• [Directions for this task] Repeat the data below in full. Pictures must not be part of the copy.

• [Given material]
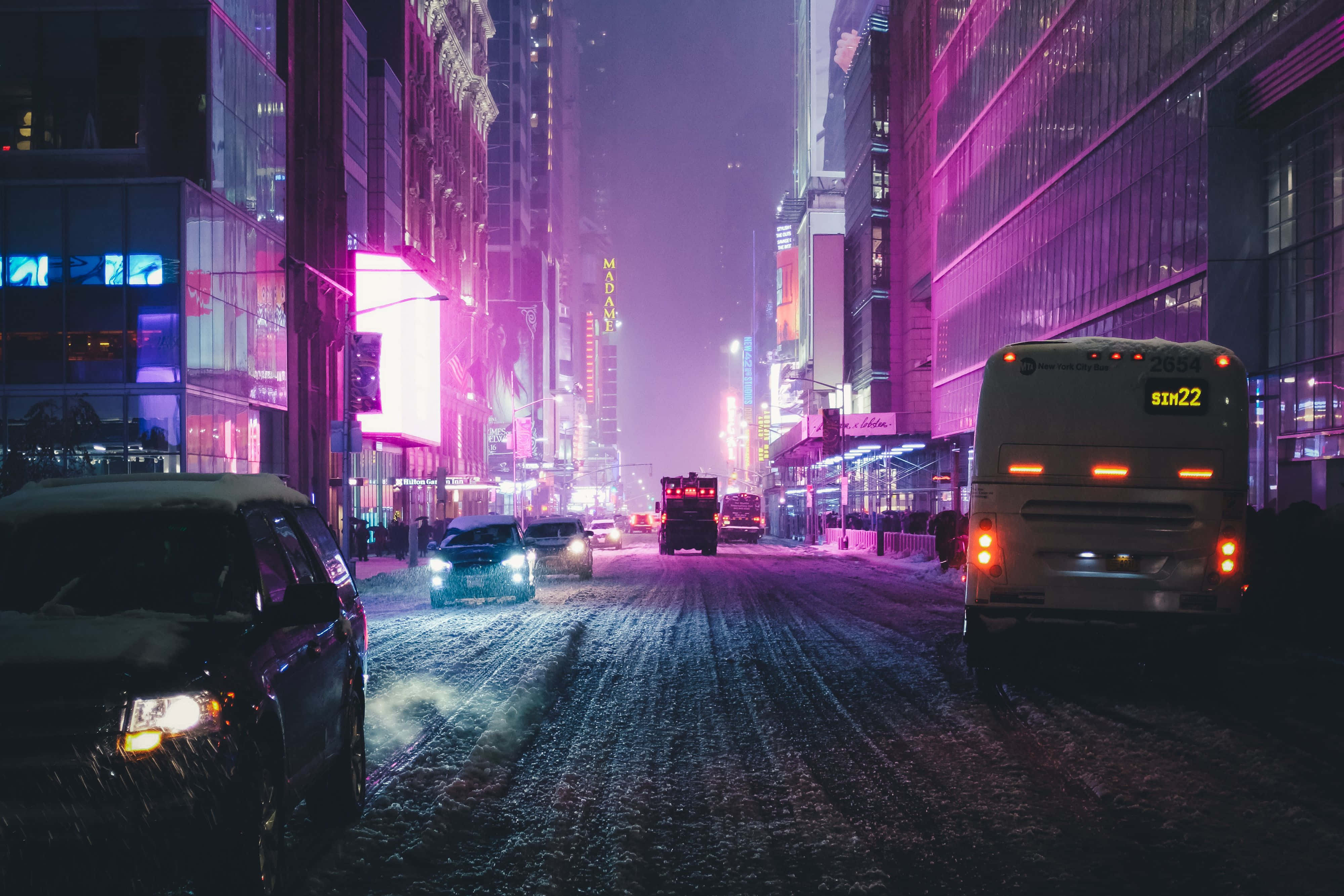 Utforsk all energien og livet i Neon City Bakgrunner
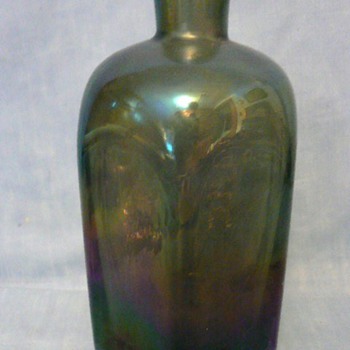 Glass bottle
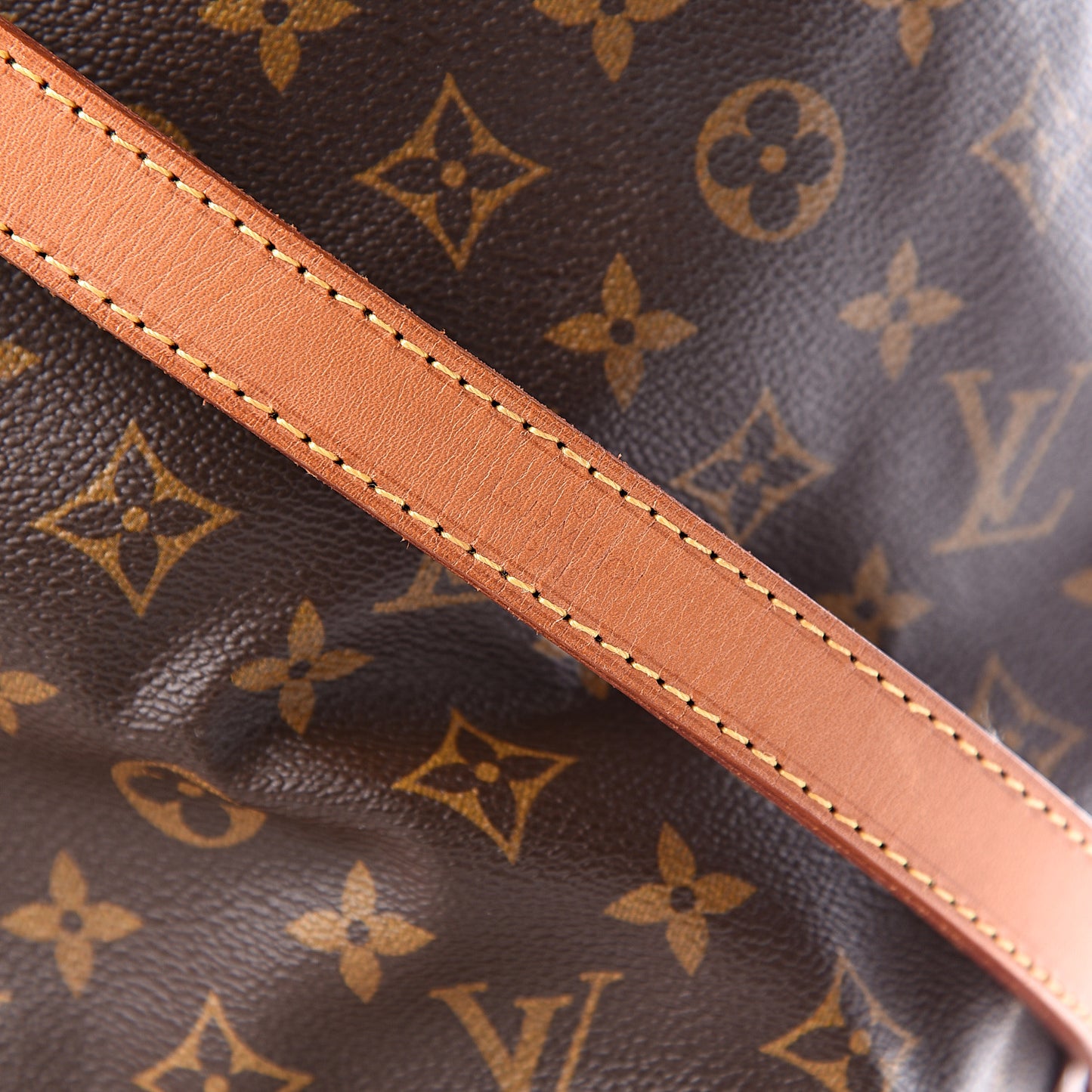 Monogram Noe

• [Task response]
 Utforsk all energien og livet i Neon City Bakgrunner
 Glass bottle
 Monogram Noe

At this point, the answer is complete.